Current interests

Semantic Web Authoring

My main interest at present is to find effective methods for opening up the semantic web to a wide range of users, through tools that allow domain experts to define (and view) ontologies and datasets using familiar modes of presentation -- in particular, controlled natural languages.

Our intention in the SWAT project is to pursue this objective by applying various technologies from Natural Language Generation. These include WYSIWYM knowledge authoring, and the generation of large organised documents (or hypertexts) to present complex ontologies/data.

Assigning rhetorical relations

Arising from work on ontology verbalisation in SWAT, I have carried out a theoretical investigation (and a related empirical study) on assigning a rhetorical relationship (including 'unrelated') to any pair of statements from an ontology. Some papers and further materials are given here.

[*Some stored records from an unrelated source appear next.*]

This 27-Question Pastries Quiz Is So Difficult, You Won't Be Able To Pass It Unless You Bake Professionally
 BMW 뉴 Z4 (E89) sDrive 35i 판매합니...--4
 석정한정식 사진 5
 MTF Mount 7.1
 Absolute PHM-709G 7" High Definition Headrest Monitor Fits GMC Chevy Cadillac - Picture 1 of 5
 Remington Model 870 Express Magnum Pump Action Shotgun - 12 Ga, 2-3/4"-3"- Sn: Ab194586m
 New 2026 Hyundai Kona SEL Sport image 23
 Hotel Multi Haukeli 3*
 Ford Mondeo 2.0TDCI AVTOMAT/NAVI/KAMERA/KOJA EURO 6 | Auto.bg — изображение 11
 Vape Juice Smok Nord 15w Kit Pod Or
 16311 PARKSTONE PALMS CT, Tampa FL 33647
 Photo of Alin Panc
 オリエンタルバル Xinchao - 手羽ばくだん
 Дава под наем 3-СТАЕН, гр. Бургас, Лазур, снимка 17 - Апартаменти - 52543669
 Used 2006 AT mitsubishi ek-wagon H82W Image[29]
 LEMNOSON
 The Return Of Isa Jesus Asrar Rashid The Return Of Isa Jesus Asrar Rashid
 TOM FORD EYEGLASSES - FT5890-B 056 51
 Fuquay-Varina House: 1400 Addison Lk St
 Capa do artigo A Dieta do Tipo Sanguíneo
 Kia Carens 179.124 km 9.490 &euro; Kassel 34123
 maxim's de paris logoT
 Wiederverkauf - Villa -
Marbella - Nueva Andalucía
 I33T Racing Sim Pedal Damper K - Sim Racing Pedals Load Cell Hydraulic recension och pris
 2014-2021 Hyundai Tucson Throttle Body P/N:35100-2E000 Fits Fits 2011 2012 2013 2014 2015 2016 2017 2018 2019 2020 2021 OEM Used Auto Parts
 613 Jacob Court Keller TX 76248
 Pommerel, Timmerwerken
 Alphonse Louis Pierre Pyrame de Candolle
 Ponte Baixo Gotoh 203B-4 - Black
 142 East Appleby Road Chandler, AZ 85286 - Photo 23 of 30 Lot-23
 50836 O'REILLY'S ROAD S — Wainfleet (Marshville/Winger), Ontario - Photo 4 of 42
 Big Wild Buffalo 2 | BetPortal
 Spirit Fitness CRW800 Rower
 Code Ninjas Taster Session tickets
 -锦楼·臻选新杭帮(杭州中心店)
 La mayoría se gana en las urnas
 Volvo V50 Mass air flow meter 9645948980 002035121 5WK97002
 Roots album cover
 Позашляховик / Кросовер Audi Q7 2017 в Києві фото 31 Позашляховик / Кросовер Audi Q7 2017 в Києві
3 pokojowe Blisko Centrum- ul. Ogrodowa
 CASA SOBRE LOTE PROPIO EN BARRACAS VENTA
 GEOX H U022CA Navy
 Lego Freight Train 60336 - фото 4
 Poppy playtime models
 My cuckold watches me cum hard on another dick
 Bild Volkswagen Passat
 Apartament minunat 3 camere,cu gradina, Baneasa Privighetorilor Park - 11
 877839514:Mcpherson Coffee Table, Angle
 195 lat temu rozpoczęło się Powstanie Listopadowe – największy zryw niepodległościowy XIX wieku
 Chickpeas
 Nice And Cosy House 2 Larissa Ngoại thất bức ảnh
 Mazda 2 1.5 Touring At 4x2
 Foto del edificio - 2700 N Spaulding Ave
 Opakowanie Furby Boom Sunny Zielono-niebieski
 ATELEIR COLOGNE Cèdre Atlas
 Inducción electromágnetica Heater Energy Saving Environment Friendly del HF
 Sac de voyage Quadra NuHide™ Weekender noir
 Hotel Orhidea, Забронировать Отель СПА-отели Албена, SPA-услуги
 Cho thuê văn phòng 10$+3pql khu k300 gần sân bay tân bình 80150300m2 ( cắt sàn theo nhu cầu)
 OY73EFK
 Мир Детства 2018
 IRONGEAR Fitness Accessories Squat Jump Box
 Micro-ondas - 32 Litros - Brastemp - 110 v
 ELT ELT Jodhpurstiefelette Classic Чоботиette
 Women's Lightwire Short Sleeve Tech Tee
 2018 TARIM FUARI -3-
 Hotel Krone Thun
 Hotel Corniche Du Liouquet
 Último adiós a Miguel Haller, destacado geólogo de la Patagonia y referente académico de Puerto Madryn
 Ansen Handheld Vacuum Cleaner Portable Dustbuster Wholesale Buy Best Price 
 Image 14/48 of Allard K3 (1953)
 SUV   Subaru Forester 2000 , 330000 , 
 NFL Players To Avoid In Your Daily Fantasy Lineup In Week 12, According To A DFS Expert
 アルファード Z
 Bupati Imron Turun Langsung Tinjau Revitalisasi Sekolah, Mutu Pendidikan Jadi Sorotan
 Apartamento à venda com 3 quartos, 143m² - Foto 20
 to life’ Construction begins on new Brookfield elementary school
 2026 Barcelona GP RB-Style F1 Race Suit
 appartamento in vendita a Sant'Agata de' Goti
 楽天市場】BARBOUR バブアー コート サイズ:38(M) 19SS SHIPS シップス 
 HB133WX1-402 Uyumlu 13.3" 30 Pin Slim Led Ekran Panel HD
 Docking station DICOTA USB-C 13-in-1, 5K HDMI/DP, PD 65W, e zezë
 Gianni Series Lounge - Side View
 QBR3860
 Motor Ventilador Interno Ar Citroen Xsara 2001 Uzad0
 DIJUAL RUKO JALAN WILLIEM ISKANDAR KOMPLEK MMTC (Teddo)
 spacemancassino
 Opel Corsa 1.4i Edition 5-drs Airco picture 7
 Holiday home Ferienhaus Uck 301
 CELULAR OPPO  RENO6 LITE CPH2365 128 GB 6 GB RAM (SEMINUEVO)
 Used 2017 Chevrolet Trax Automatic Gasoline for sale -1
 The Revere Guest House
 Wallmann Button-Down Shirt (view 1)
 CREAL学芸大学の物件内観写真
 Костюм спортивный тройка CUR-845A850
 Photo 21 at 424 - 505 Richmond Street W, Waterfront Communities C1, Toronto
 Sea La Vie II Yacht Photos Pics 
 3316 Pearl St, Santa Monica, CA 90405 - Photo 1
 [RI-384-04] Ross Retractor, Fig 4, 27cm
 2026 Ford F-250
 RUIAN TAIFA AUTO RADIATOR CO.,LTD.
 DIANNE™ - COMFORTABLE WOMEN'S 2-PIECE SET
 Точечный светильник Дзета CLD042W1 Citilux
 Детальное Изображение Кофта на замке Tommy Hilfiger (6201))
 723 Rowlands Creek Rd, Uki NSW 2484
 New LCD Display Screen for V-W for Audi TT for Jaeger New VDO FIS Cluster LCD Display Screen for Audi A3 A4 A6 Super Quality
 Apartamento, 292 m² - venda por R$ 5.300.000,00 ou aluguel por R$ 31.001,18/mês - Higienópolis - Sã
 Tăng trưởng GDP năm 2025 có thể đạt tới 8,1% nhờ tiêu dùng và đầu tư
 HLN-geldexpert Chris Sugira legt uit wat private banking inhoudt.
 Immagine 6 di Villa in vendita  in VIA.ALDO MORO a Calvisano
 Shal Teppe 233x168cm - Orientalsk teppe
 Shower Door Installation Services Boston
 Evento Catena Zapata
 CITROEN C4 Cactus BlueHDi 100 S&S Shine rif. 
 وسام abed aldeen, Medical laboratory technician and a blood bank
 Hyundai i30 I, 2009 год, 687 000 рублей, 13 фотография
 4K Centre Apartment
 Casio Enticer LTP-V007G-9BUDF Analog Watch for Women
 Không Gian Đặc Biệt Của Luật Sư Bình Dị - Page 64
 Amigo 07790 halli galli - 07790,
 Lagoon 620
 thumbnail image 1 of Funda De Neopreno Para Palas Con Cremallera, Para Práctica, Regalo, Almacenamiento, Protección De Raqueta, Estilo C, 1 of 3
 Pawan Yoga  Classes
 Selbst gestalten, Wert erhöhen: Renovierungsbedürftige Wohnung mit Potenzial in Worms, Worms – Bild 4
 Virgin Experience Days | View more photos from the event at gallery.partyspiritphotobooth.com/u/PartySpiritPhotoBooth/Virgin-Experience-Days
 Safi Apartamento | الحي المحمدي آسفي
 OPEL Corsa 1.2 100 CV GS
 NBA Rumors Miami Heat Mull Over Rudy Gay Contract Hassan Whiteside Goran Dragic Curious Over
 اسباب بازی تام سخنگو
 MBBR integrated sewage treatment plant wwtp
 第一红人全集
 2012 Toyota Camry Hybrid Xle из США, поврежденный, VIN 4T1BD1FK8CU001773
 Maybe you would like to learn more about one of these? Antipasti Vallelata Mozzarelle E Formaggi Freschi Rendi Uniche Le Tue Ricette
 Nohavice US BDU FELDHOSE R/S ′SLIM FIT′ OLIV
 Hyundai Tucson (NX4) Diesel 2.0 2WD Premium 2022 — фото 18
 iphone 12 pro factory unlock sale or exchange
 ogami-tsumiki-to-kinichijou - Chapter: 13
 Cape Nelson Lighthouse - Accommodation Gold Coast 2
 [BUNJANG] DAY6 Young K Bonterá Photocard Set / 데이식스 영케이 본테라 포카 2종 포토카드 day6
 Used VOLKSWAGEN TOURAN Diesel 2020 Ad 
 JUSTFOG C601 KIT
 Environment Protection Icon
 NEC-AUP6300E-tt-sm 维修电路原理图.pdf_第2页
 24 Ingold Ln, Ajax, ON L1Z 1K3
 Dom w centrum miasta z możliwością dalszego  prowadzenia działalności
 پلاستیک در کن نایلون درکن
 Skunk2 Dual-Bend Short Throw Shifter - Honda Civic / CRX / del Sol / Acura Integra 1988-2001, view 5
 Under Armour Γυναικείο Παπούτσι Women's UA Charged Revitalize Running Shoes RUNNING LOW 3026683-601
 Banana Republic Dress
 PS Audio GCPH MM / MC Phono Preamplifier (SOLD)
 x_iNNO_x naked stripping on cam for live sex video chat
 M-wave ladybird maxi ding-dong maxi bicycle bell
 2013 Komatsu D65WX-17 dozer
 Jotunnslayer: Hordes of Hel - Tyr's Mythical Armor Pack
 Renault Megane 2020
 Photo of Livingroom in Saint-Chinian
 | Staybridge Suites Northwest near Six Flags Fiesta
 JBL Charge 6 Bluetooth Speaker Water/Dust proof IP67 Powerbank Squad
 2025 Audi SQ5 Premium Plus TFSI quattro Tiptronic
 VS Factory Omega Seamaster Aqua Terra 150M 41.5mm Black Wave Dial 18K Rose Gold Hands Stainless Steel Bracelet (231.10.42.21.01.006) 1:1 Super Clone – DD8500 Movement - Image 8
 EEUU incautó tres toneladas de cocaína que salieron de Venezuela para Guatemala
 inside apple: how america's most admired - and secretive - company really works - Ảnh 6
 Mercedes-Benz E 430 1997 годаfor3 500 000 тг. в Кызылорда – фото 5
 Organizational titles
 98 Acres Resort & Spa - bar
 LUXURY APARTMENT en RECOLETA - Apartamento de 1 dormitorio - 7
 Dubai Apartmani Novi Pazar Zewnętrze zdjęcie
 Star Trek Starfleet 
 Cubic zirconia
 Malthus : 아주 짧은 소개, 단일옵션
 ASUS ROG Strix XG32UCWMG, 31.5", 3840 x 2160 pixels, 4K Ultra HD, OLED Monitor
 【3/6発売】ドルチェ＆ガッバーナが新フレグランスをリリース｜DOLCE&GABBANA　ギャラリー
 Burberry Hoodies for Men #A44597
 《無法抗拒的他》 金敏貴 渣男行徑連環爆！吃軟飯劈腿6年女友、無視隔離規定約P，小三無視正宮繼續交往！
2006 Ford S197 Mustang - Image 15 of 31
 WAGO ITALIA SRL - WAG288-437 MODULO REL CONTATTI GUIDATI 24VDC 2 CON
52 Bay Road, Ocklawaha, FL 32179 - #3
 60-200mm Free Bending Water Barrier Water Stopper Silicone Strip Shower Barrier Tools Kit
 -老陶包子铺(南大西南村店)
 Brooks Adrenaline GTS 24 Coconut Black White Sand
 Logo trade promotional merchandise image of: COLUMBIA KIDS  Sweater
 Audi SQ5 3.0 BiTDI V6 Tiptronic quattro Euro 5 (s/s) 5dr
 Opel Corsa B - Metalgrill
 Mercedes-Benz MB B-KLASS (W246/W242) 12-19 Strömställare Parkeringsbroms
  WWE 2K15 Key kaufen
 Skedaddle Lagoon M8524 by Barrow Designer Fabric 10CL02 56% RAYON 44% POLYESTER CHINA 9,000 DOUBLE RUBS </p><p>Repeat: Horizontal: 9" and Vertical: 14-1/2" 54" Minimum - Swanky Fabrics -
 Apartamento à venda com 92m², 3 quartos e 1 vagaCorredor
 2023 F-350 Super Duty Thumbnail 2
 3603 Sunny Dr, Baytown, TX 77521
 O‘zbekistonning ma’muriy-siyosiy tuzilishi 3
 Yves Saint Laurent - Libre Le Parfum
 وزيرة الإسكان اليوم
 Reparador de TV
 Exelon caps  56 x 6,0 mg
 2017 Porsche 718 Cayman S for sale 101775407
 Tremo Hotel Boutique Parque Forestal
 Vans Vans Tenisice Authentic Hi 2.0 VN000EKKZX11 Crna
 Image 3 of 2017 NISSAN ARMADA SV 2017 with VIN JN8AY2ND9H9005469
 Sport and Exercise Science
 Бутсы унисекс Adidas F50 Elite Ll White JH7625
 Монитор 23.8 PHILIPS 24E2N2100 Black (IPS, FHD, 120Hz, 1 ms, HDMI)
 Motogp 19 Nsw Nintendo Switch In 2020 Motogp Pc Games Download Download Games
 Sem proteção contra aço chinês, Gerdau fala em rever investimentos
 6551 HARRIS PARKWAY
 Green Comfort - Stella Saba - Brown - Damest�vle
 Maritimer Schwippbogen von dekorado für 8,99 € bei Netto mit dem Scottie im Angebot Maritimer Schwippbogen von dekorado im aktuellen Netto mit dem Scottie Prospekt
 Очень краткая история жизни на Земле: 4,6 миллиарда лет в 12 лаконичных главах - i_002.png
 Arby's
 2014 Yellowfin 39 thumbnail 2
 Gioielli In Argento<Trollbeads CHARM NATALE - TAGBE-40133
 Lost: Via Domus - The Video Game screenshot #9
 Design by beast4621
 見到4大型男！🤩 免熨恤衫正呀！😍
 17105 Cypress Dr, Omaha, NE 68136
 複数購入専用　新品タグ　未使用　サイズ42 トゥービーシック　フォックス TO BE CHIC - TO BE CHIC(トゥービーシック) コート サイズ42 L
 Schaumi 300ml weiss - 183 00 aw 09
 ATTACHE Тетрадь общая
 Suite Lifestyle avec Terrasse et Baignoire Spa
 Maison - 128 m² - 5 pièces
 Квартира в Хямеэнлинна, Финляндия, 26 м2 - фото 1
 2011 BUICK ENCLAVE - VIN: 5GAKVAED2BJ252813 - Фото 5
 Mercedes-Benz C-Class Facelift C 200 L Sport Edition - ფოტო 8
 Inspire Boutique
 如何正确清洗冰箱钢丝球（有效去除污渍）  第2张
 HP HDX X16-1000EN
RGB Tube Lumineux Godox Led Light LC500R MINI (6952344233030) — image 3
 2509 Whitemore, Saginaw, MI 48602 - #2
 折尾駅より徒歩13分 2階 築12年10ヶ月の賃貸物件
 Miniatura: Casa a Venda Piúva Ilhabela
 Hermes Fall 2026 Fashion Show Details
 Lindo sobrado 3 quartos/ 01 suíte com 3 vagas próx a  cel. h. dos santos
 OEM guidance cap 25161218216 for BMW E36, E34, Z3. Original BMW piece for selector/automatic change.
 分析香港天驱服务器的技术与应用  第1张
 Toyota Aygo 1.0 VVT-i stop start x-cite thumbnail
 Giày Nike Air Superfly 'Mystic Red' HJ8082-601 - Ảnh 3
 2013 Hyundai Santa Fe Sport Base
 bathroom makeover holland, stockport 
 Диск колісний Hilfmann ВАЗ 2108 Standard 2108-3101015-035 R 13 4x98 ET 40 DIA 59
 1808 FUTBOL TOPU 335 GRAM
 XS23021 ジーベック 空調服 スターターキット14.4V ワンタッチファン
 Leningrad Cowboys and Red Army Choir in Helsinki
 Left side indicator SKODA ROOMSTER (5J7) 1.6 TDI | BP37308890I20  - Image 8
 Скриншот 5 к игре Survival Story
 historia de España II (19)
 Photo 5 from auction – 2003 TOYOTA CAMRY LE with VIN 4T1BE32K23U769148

Generating numerical expressions

I have made some contributions to Sandra Williams's NUMGEN project, which investigates the generation of appropriate numerical expressions describing proportions. In particular, I am interested in approximations like a half or about 25%. A number of authors have considered why such approximations are used (e.g., with reference to Grice's maxims on quantity and quality); I am more interested in how appropriate approximations are planned (e.g., in the choice of a suitable round number).

Abstract verbs

We learn at school that verbs describe events or actions. In fact many verbs do nothing of the sort: their purpose is to describe abstract relationships. Thus verbs like induce, suggest can denote discourse relations between events or propositions (e.g., relations like CAUSE or EVIDENCE); or verbs like perform, undergo can denote thematic relations between an event and one of its participants (e.g., AGENT, PATIENT); or verbs like doubled, fell can denote arithmetical relations between numbers. I believe that studying these verbs can provide interesting insights into the relations themselves as well as widening the scope of Natural Language Generation.

Previous projects

1993-96: GIST, DRAFTER

The ITRI participated in two multilingual generation projects with a similar architecture. In GIST the domain was administrative forms, and the languages were English, Italian, German; in DRAFTER the domain was software manuals, and the languages were English and French. A challenge in both projects was to find a way in which domain experts could author the input to the generator without expertise in a knowledge representation formalism. My work on this problem led to the WYSIWYM invention.

1996-2005: WYSIWYM

WYSIWYM (What You See Is What You Meant) is based on the paradoxical idea that an NLG system can be deployed to obtain its own input. The user authors content in an underlying knowledge formalism by interacting with a generated text which expresses (a) the knowledge so far defined (b) the options for extending or revising this knowledge. Options are derived from a fixed ontology, and presented in natural language through menus that pop up on the text. WYSIWYM has been applied in several of our projects (CLIME, PILLS, CLEF, CLEF-Services, HALO) and also in projects by other groups.

1997-2000: ICONOCLAST

ICONOCLAST (Integrating CONstraints On Content, Layout And STyle) applied constraint satisfaction techniques (specifically, constraint logic programming) in order to explore large solution spaces in NLG and thus allow variations in style. I collaborated on this project with Donia Scott and Nadjet Bouayad-Agha, and among other things it led to the concept of document structure expounded in our 2003 paper.

2000-2001: PILLS

The European Commission funded PILLS (Patient Information Language Localisation System) as a feasibility study on applying WYSIWYM technology to the production of multilingual technical documentation in the pharmaceutical sector. We collaborated with Berlitz, and the University of Freiburg, Germany. The system generated three types of pharmaceutical document (intended for patients, doctors, and regulators) in three languages (English, French, German).

2002-2005: CLEF

Funded by the MRC, CLEF (CLinical E-science Framework) developed methods for representing electronic patient records in machine-usable form, and exploiting them in order to answer queries (for the benefit of medical researchers) and generate summaries (for the benefit of clinicians). With Catalina Hallett and Donia Scott I contributed to two parts of the project: editing of queries, using a WYSIWYM interface; and generation of summaries. The work was continued in a second project CLEF-Services (2004-2008).

2003-2007: TUNA

I was a co-investigator (with Kees van Deemter) on TUNA (Towards a UNified Algorithm for the generation of referring expressions), which led eventually to the construction of a semantically aligned corpus employed in a "Generation Challenge".

2004-2006: HALO-2

Funded by industry, HALO-2 ran several teams in an effort to encode knowledge from scientific textbooks in a form that could be queried by students. With Ondrej Pacovsky I contributed to a WYSIWYM interface allowing queries to be formulated in F-Logic, the formalism developed by our team leaders Ontoprise.